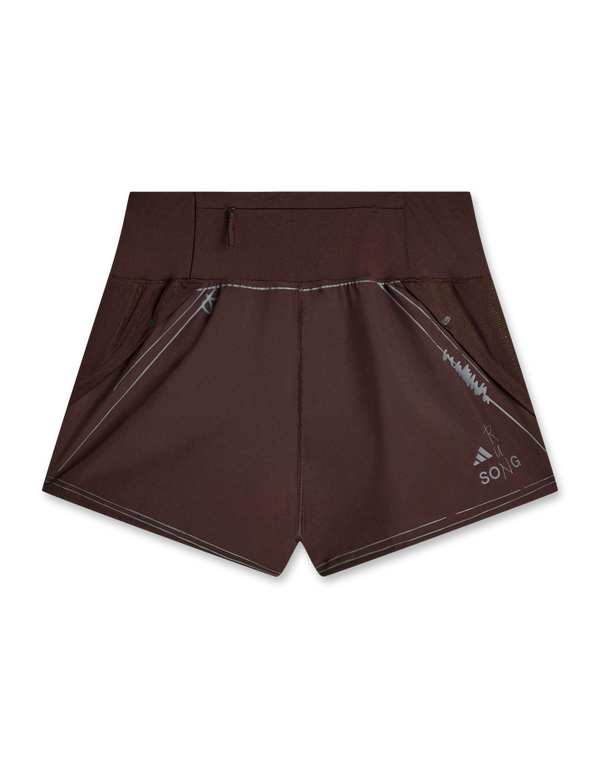 Song For The Mute Running Shorts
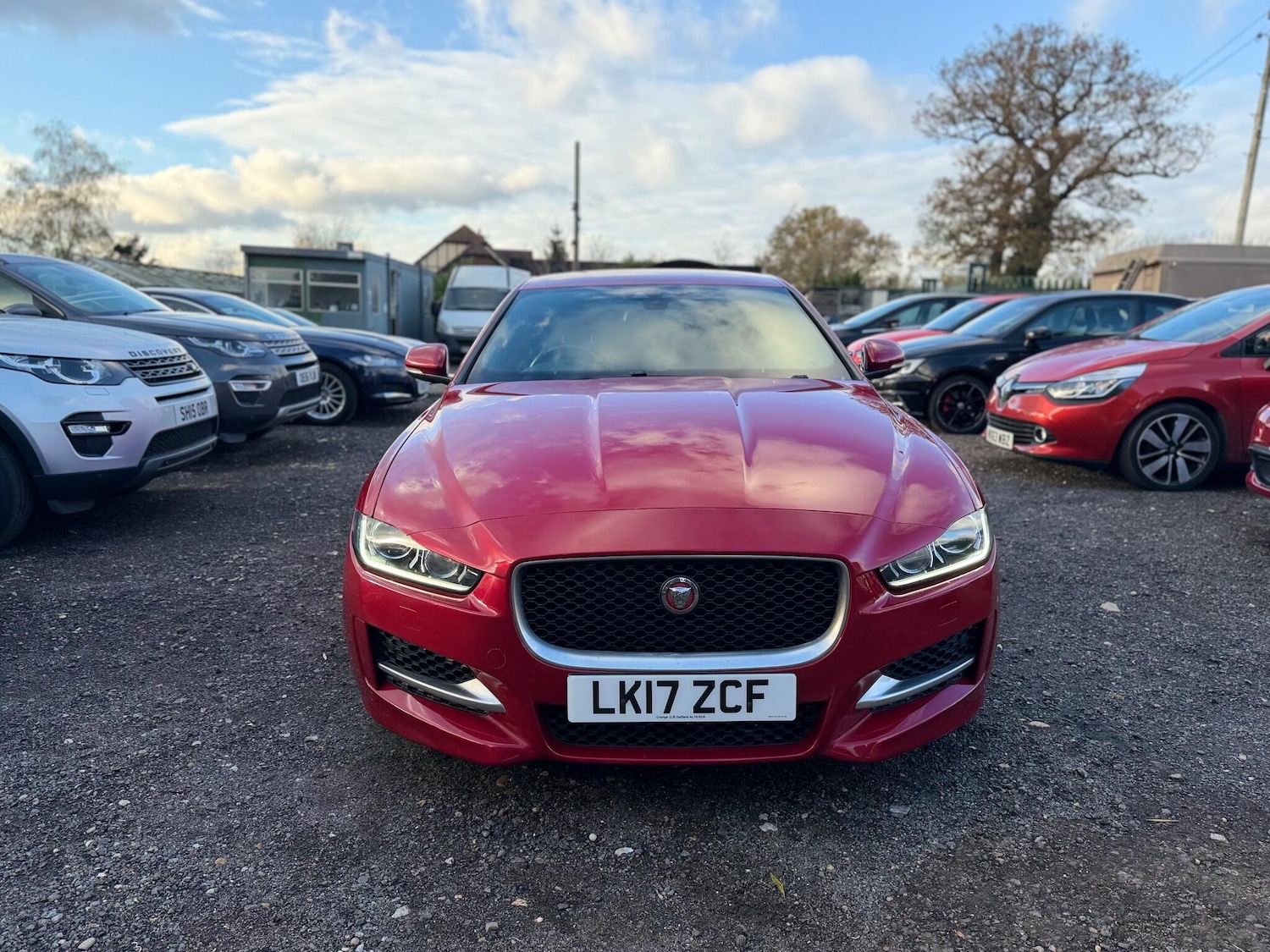 Used Jaguar XE for sale - 76619882: Photo 13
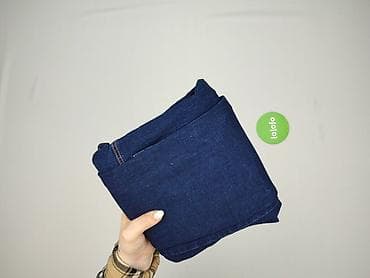 trampki daichman: George, Jeansy damskie, rozmiar L — 6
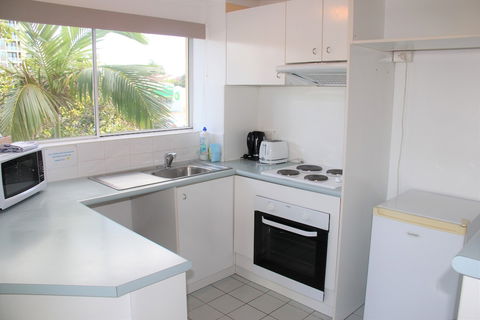 Broadwater Keys - Accommodation Cooktown 6
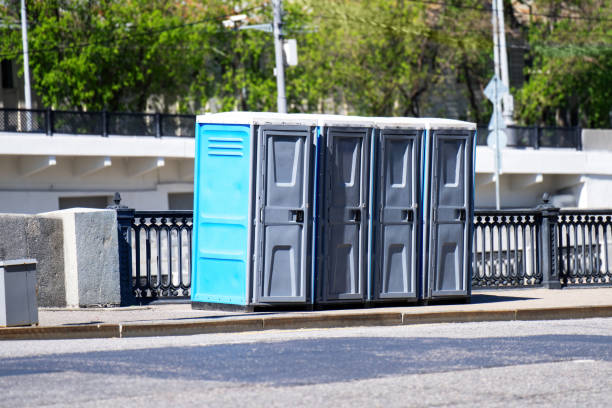 Best Portable toilet rental cost  in Ranchester, WY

Problem statement:
Return all of the lines above without alteration, minus the pictures.

Response:
 Song For The Mute Running Shorts
 Used Jaguar XE for sale - 76619882: Photo 13
 trampki daichman: George, Jeansy damskie, rozmiar L — 6
 Broadwater Keys - Accommodation Cooktown 6
 Best Portable toilet rental cost  in Ranchester, WY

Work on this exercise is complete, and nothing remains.